The natural affability of violist Carlos Boltes and guitarist Scott Hill set a friendly and spirited tone to the concert, presented in one gallery of Mexic-Arte Museum. The pair did what audiences expect today in an intimate and informal chamber music setting: engage with brief and lively explanations and stories about their repertoire, their journey as musicians, the Andean charangos Boltes plays in addition to the viola.
Of course, their expressive virtuosity also resulted in sparkling concert.

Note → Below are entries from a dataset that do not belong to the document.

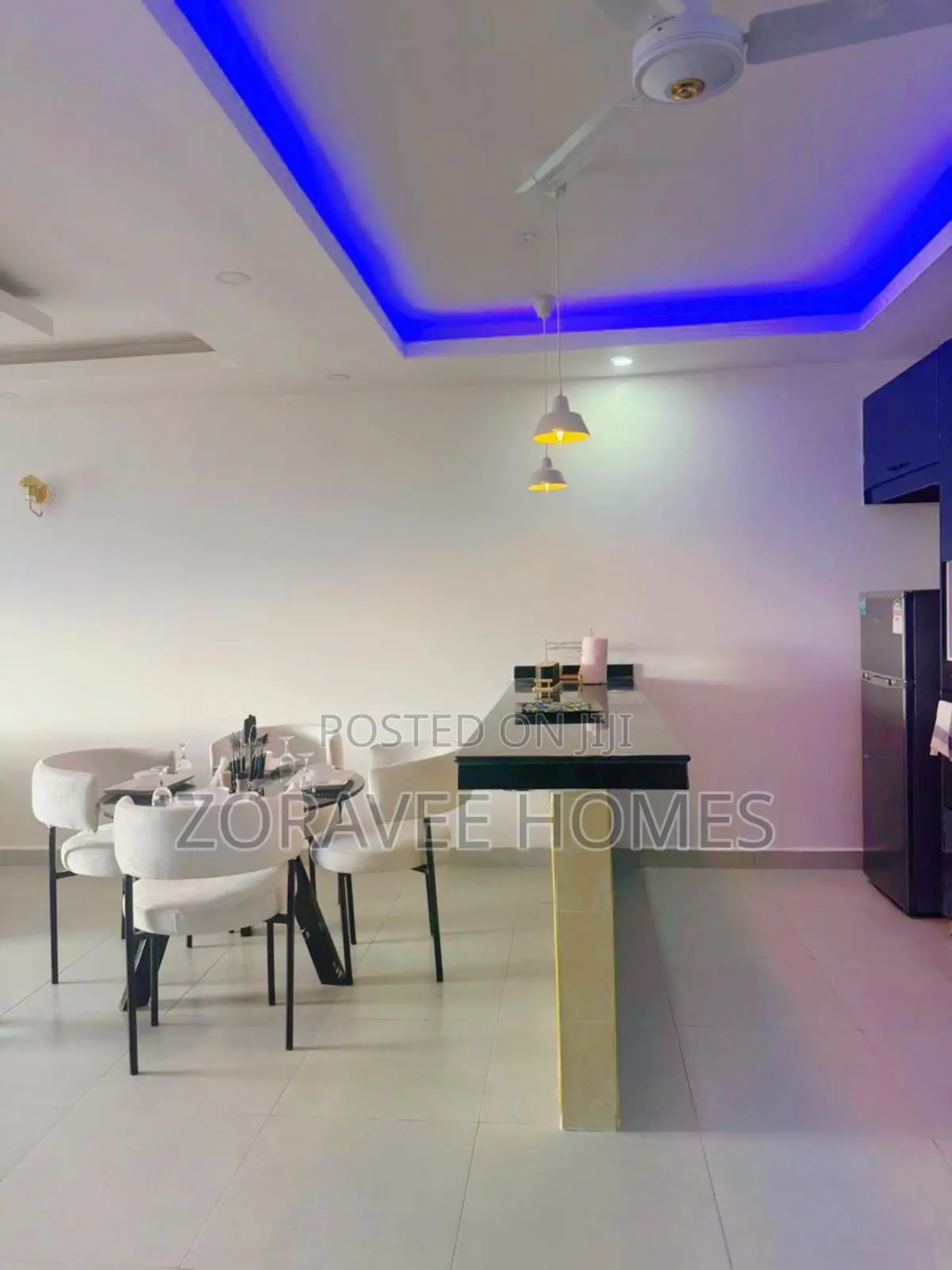 Serenum 2br Near Voyager Beach in Nyali, MBS in Mombasa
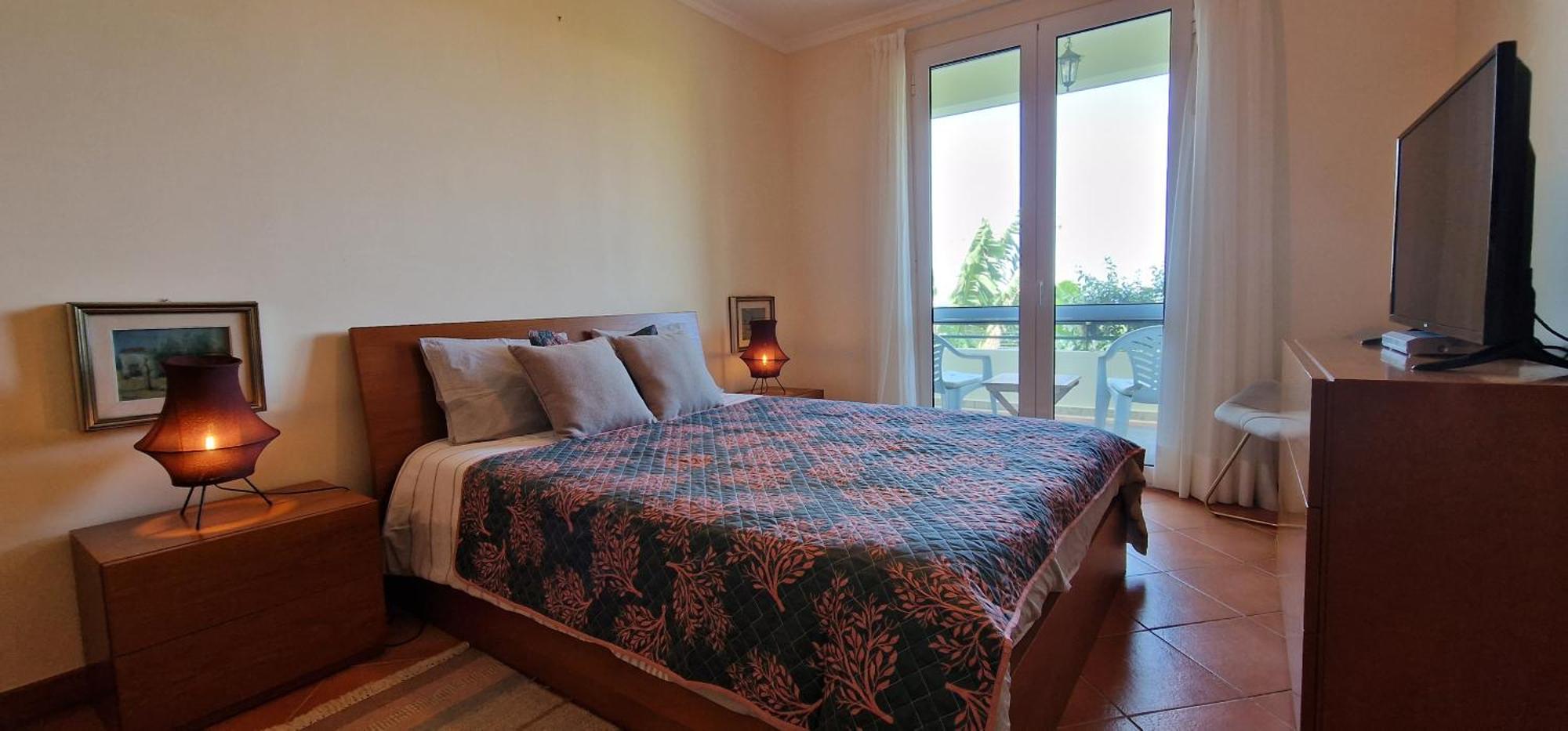 Sunny Arco Retreat Apartment Arco da Calheta  Exterior photo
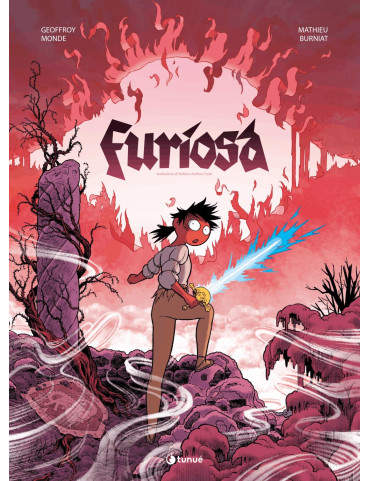 Furiosa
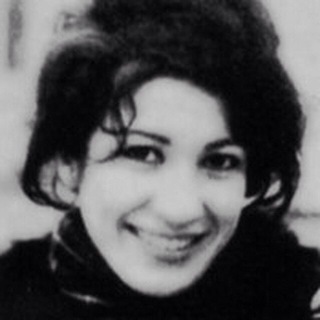 Telegram profile photo for كانال فروغ فرخزاد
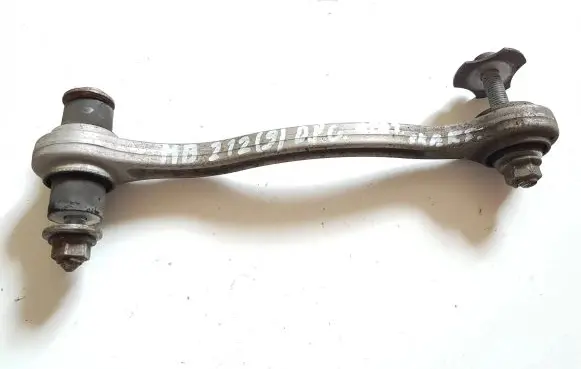 Mercedes-Benz E W212 Rear control arm 20402RSA4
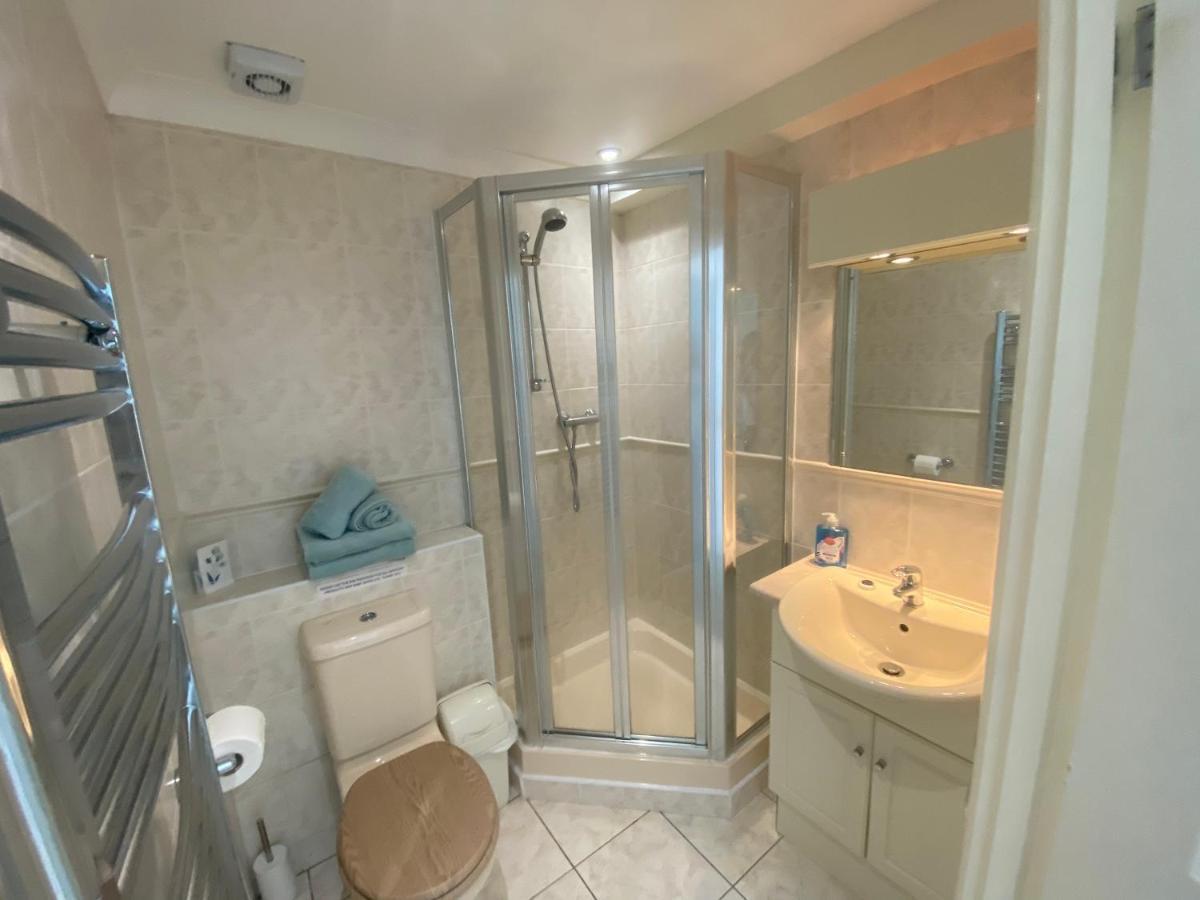 Surf'S Up! Perfect Base For Holidays Or Work In Cornwall St Columb Major Ngoại thất bức ảnh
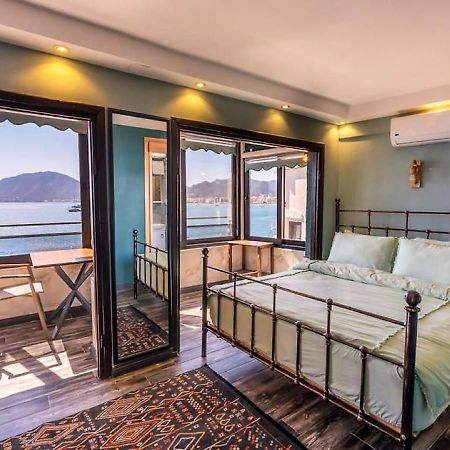 Liman Deluxe Hotel Marmaris Extérieur photo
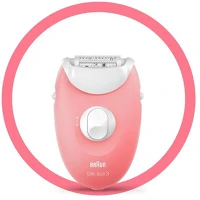 Braun BRAUN SE3-176 EPILÁTOR  kép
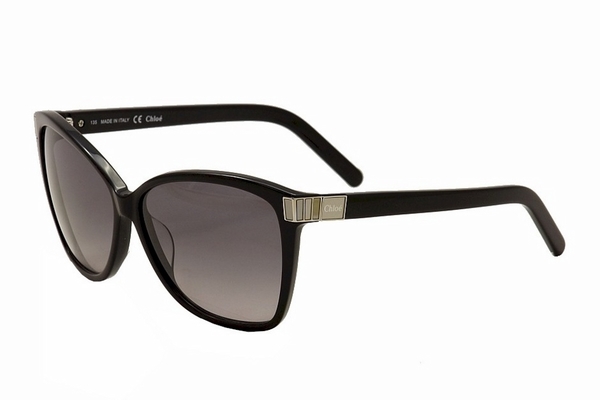  Chloe Women's 604S 604/S Cateye Sunglasses 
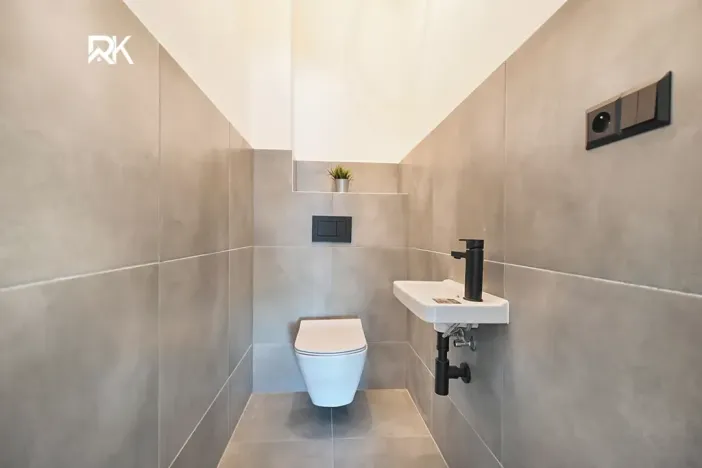 Prodej rodinného domu, Přelouč, 100 m2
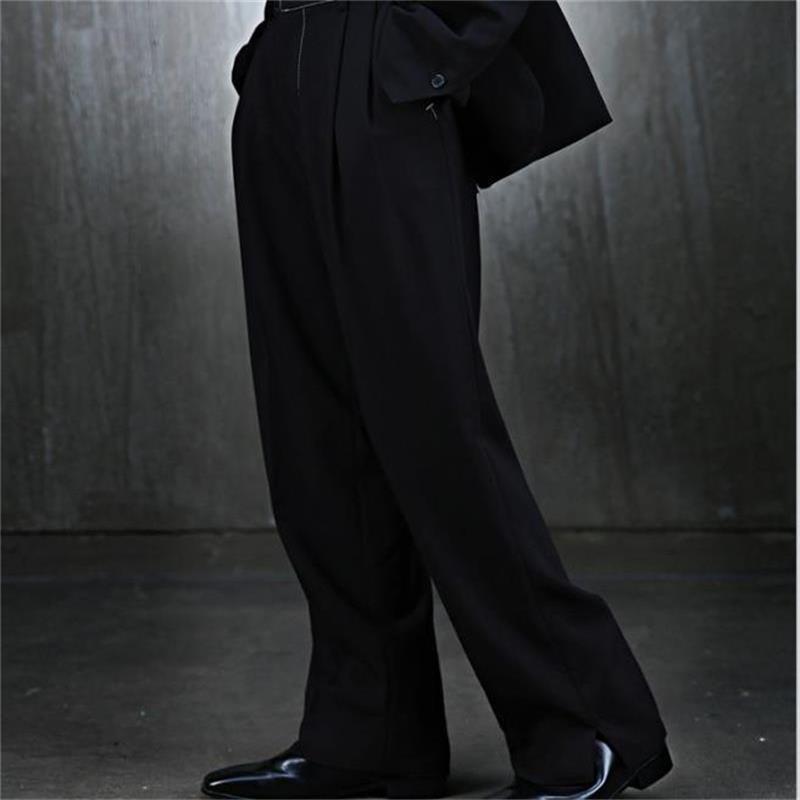 Streetwear Men's Business Casu - đánh giá và giá Streetwear Brand Korea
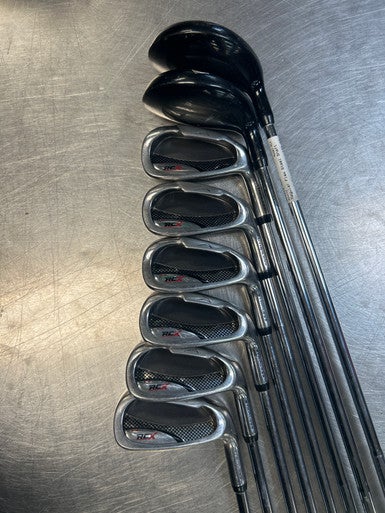 Used Acuity RCX Mens Iron Set RH 3I-PW 11868-S000062792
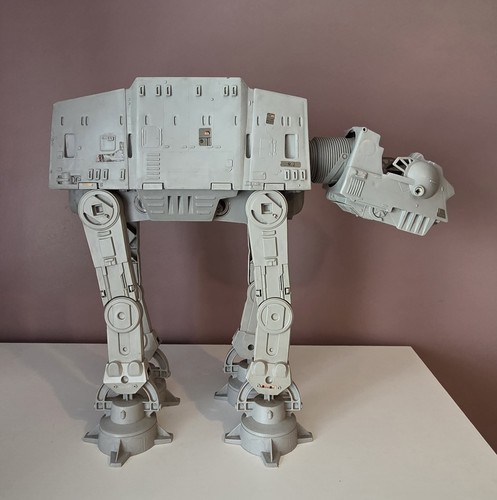 Star wars walker - wars, kenner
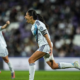 Ligue des Champions (F) Clara Mateo qualifie le Paris FC
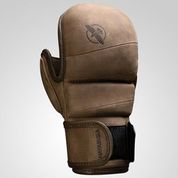 Hayabusa T3 LX 7oz Hybrid Gloves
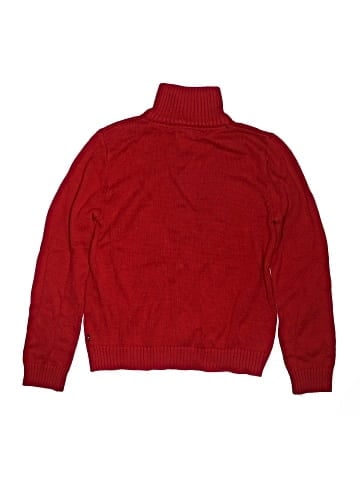 Nautica Turtleneck Sweater (view 2)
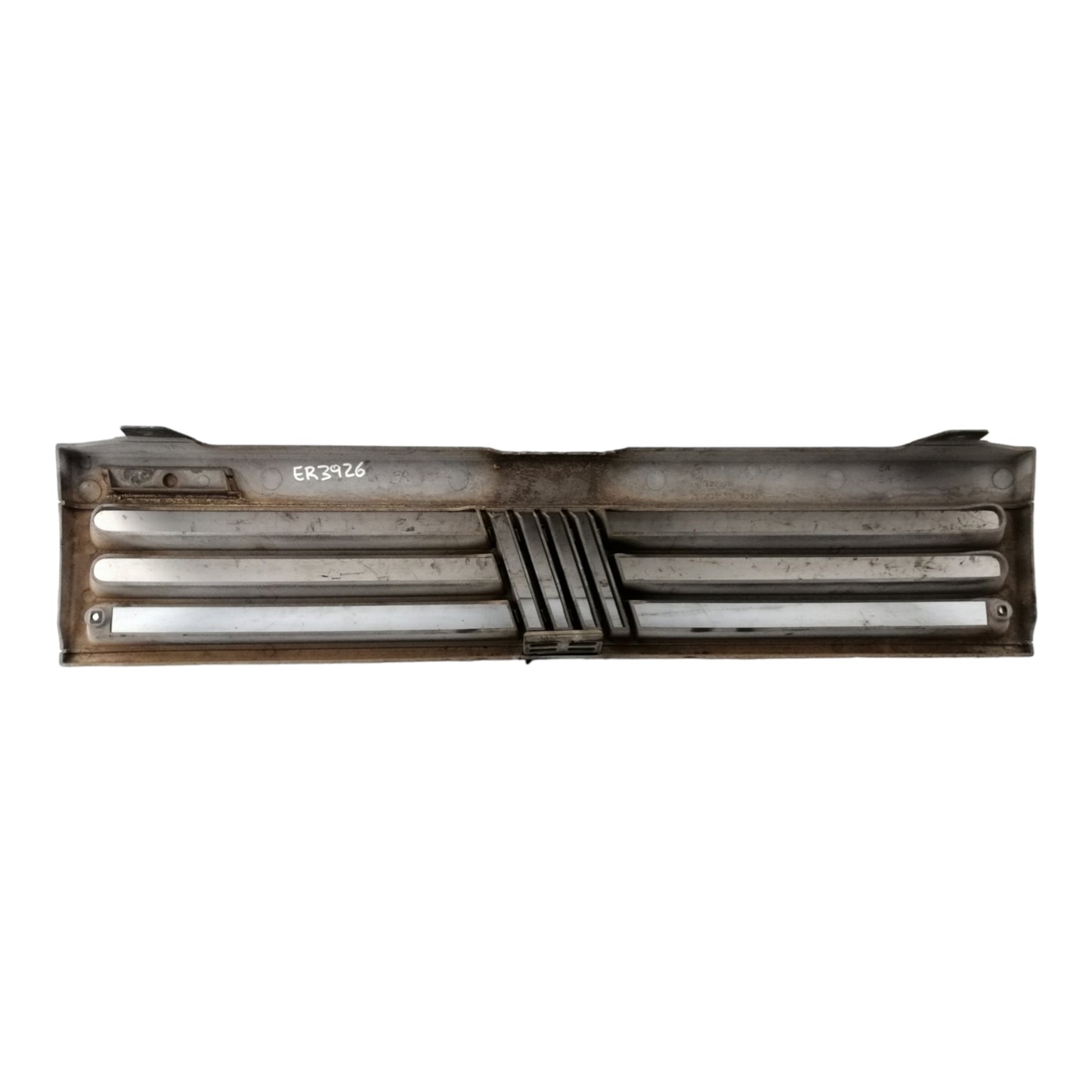 Griglia Radiatore FIAT PANDA 1 Serie Berlina    - 7710208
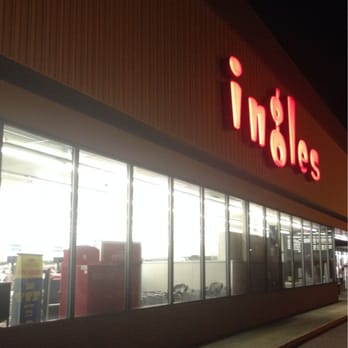 Ingles Market - the outside of the store - Bakeries Near Me - Waynesville, North Carolina Ingles Market - the outside of the store - Bakeries Near Me - Waynesville, North Carolina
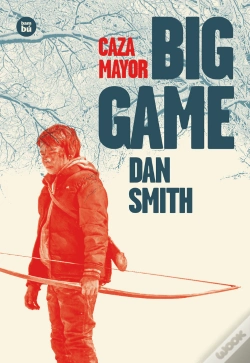 Capa do artigo Big Game (Caza Mayor)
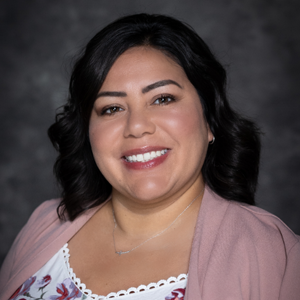 Alma E. Zamora-Yarbrough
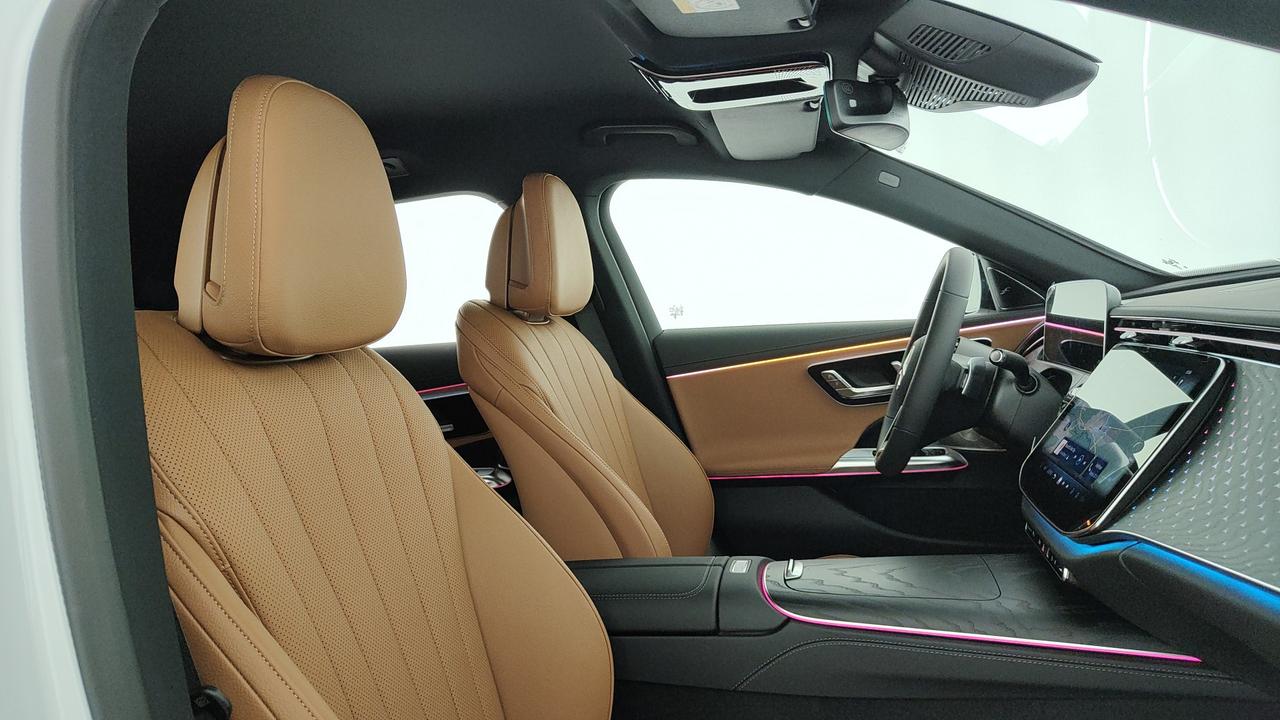 Mercedes-Benz E 220 d 4MATIC All Terrain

With a flourish Boltes and Hill set the tone with a lively Andean folk songs. Then, flexing their artistic range, the duo presented Hill’s arrangement of Telemann’s Concerto for Violin and Orchestra that re-imagined for viola and guitar. Not only did the Hill’s arrangement breath fresh air into Telemann’s sometimes busy Baroque stylings, it also made a salient musicological point: there’s much in common between Andean folk music as its known today and the Baroque influences brought by the European conquerors of the Americas.
“Suite Atacama” proved a highlight of the evening. A thoughtful arrangement of pieces by modern Chilean composers artfully arranged to be a four-movement musical homage to the Chile’s stark and starkly beautiful Atacama Desert. An achingly beautiful prelude led to a festive song then to a sorrowful lament and finally softly joyful ending. Boltes switched deftly between viola and various charangos (small Andean guitars). “Suite Atacama” was an trenchant and moving musical journey through the desert.
“No mas muertes” was the concert’s undeniable centerpiece. Commissioned by the Alturas Duo, the piece for viola, guitar and narrator by composer David MacBride took the bestseller “The Devil’s Highway”, Luis Alberto Urrea account of the Mexican immigrants who died in the Arizona desert as the tried to cross the border. MacBride was on hand to introduce the piece and play the part of the narrator. MacBride’s music made for a very impressionistic soundscape of a harrowing and tragic journey through the desert, with the tonal tension building and getting increasingly more angular. If the spoken narration resorted to the most gruesome passages from Urrea’s account, it only overshadowed whatever more nuanced expression the music conveyed.
Taken as whole, though, Alturas Duo’s concert made for an intimate and spirited little tour-de-force — full of resonant moments and many charms.